Das zentrale Versprechen:
Der Bericht soll erstmals Namen und Verantwortlichkeiten benennen.
Die Frage klären:
Wer wusste was? Wer hat sich schuldig gemacht?
Das Gutachten müsste sich
mit Fällen wie dem von Pfarrer Peter H. beschäftigen.
Als Kaplan in Bottrop
vergeht er sich in den 70er-Jahren an mehreren Ministranten.
Einer von ihnen ist Markus Elstner.
Ich wurd sexuell missbraucht.
Ich musste üben, das zu sagen, dass es wirklich rauskam oder rauswollte.
Wie Recherchen von Frontal21 und CORRECTIV zeigen,
wurde der pädophile Priester nicht angezeigt, sondern nur versetzt,
vom Bistum Essen in die Diözese München-Freising.
Erzbischof damals: Joseph Ratzinger.
Gegen den Rat eines Psychiaters
wird Peter H. im gleichen Jahr als Seelsorger eingesetzt
und arbeitet wieder mit Kindern.
Erst in München, später in Grafing,
wo er 12 Jugendliche in einem Jahr missbraucht.
Ein typisches Muster im Missbrauchs-System,
um das Ansehen der Kirche nach außen unbefleckt zu halten,
meint der Theologe und Psychiater Wunibald Müller,
der jahrelang Priester mit psychischen Problemen betreut hat.

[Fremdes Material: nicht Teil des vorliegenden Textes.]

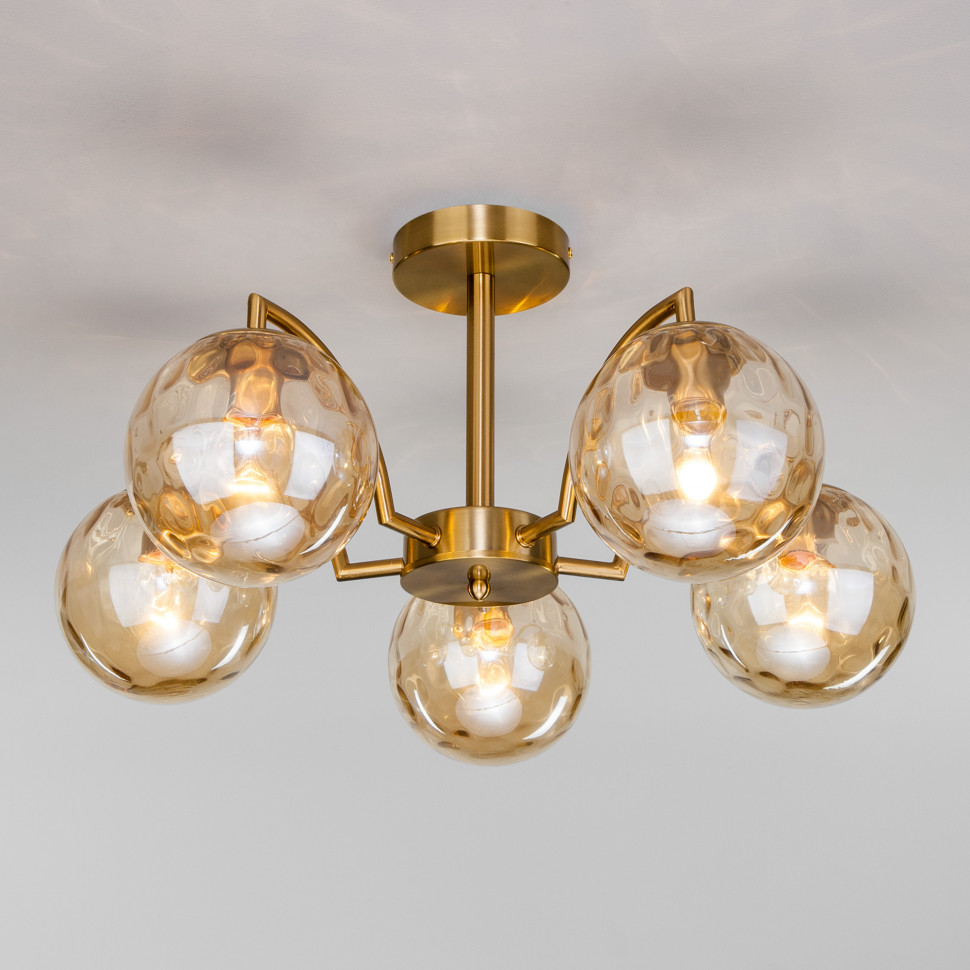 Потолочная люстра со стеклянными плафонами 30178/5 латунь фото 1 &mdash; Multielectrika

In Zeiten von Corona spricht er mit uns per Videotelefon.
Dann hat der Betreffende in der Regel
ein Gespräch mit dem Bischof geführt oder mit dem Personalchef,
hat Reue gezeigt, hat gesagt, er beichte, er macht Exerzitien usw.
Damals, vor 20 Jahren, hat man das oft dem Priester noch abgekauft.
Es hat oft dazu geführt, dass der Betreffende
einfach in eine andere Pfarrei vermittelt wurde.
Wird es dieses Mal gelingen, auch die Verantwortung
prominenter Kirchenvertreter beim Namen zu nennen?
Betroffene zweifeln daran, denn die gleiche Kanzlei,
die jetzt für München die Aufarbeitung betreiben soll,
ist im Erzbistum Köln vorerst daran gescheitert.
Letzte Woche wurde hier
die Veröffentlichung eines ähnlichen Gutachtens
aus "äußerungsrechtlichen Gründen" abgesagt.
Es scheint so zu sein,
dass am Ende das Interesse von Tatverdächtigen oder Beschuldigten
höher gewertet wird
als das Interesse der Öffentlichkeit und der Betroffenen,
endlich die Wahrheit zu erfahren
über das, was in der Vergangenheit geschehen ist.
Seine Forderung:
Statt durch von der Kirche beauftragte Kanzleien
müsste die Aufarbeitung
durch staatliche, unabhängige Stellen erfolgen.
Mit uns will die Diözese München-Freising darüber nicht reden.
Die deutschen Bischöfe lehnen den Vorschlag bisher ab.
Im Bistum Würzburg brennt indes die Wallfahrtskerze.
Möge sie Licht ins Dunkel bringen, was auch immer zum Vorschein kommt.